Redundant NFS with DRBD and HeartBeat

High Availability NFS with DRBD and HeartBeat
DRBD allows you to create a mirror of two block devices that are located at two different sites across an IP network on Linux platform. DRBD replicates data on the primary device to the secondary device in a way that ensures that both copies of the data remain identical. DRBD works on top of block devices, i.e., hard disk partitions or LVM’s logical volumes. It mirrors each data block that it is written to disk to the peer node.

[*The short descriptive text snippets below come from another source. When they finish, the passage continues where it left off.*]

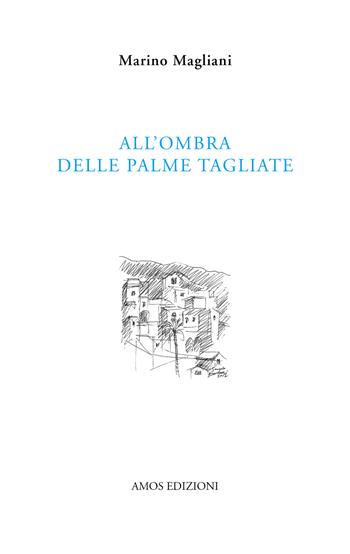All'ombra delle palme tagliate - Marino Magliani - Libro Amos Edizioni 2018, Calibano | Libraccio.it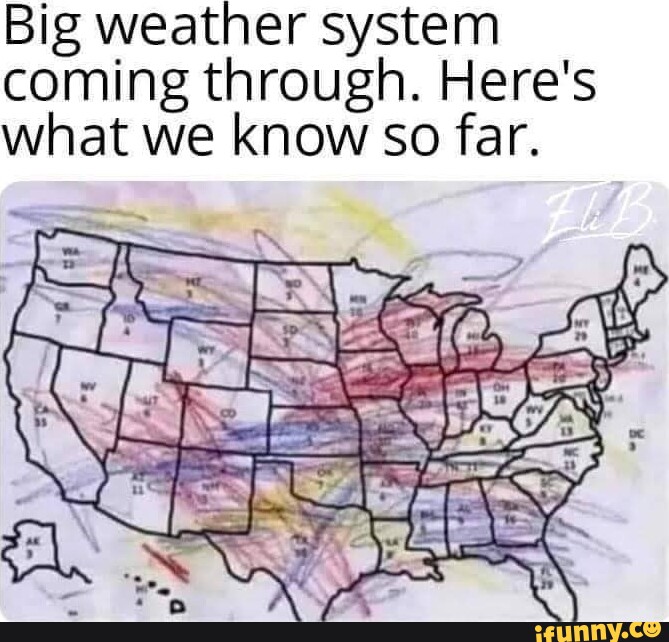 Big weather system coming through. Here's what we know so far. - iFunny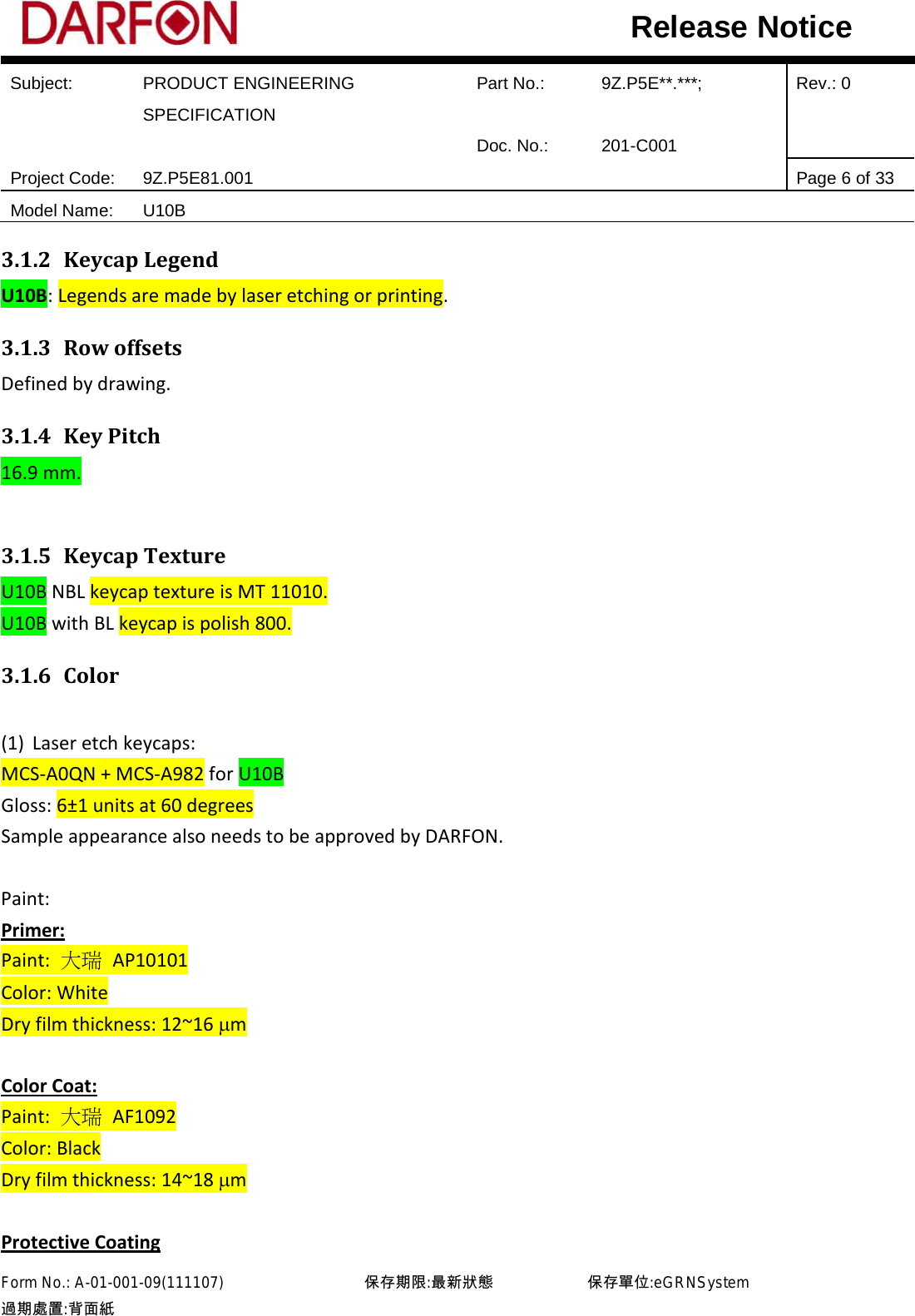  Subject: PRODUCT ENGINEERING SPECIFICATION Part No.: 9Z.P5E**.***; Rev.: 0  Doc. No.: 201-C001    Project Code: 9Z.P5E81.001   Page 6 of 33 Model Name: U10B  Release Notice 3.1.2 Keycap Legend U10B: Legends are made by laser etching or printing. 3.1.3 Row offsets Defined by drawing. 3.1.4 Key Pitch 16.9 mm.  3.1.5 Keycap Texture U10B NBL keycap texture is MT 11010. U10B with BL keycap is polish 800. 3.1.6 Color  (1) Laser etch keycaps: MCS-A0QN + MCS-A982 for U10B Gloss: 6±1 units at 60 degrees Sample appearance also needs to be approved by DARFON.  Paint: Primer: Paint: 大瑞 AP10101 Color: White Dry film thickness: 12~16 µm  Color Coat: Paint:  大瑞 AF1092 Color: Black Dry film thickness: 14~18 µm  Protective Coating Form No.: A-01-001-09(111107)         保存期限:最新狀態            保存單位:eGRNSystem 過期處置:背面紙  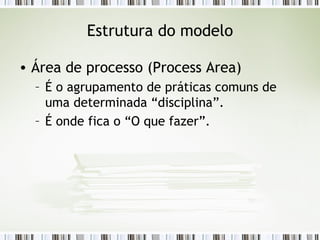 Estrutura do modelo Área de processo (Process Area) É o agrupamento de práticas comuns de uma determinada “disciplina”. É onde fica o “O que fazer”. 
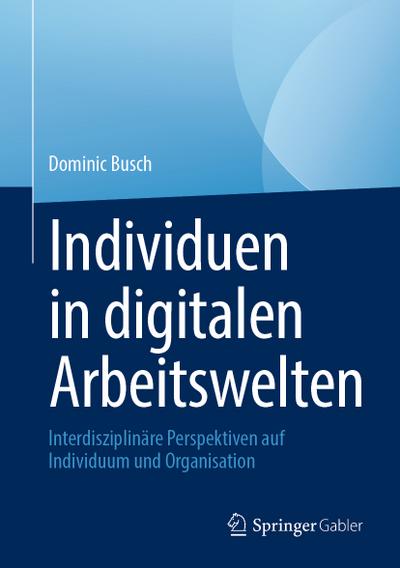 Individuen in digitalen Arbeitswelten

Mostly DRBD allows you to use any block device like this.

partition or complete hard disk
software RAID
Logical Volume Manager (LVM)
Enterprise Volume Management System (EVMS)
Heartbeat is a daemon that provides cluster infrastructure (communication and membership) services to its clients. This allows clients to know about the presence (or disappearance!) of peer processes on other machines and to easily exchange messages with them.

Use the following tutorial to configure High Availability nfs storage with DRBD and HeartBeat for your centos 6 server.

Redundant NFS with DRBD and HeartBeat Requirements

– Install NFS

Install NFS server if you were not installed.

#yum install nfs-utils nfs-utils-lib

– Two drives with same size (preferably)
– Networking between storage1 and storage2 servers.
– Working DNS resolution
ex:
/etc/hosts
10.1.1.2 storage1.clouddb.net
10.1.1.3 storage1.clouddb.net

– install NTP synchronized times on both server.

Install NTP command line if you were not installed.

#yum install ntp

– Set selinux Permissive mode
– Enable port 7788 on iptables.
We have used Virtual (VIP) ipaddress to configure heartbeat and prepare the following server details and partition before proceed.

storage1.clouddb.net
IP : 10.1.1.2

storage2.clouddb.net
IP : 10.1.1.3

Virtual (VIP) ipaddress : 10.1.1.4

Same partition on both server
/dev/sdb1
Update /data folder on NFS share /etc/exports file.

ex:
/data 10.1.1.1/24(rw,no_root_squash,no_all_squash,sync)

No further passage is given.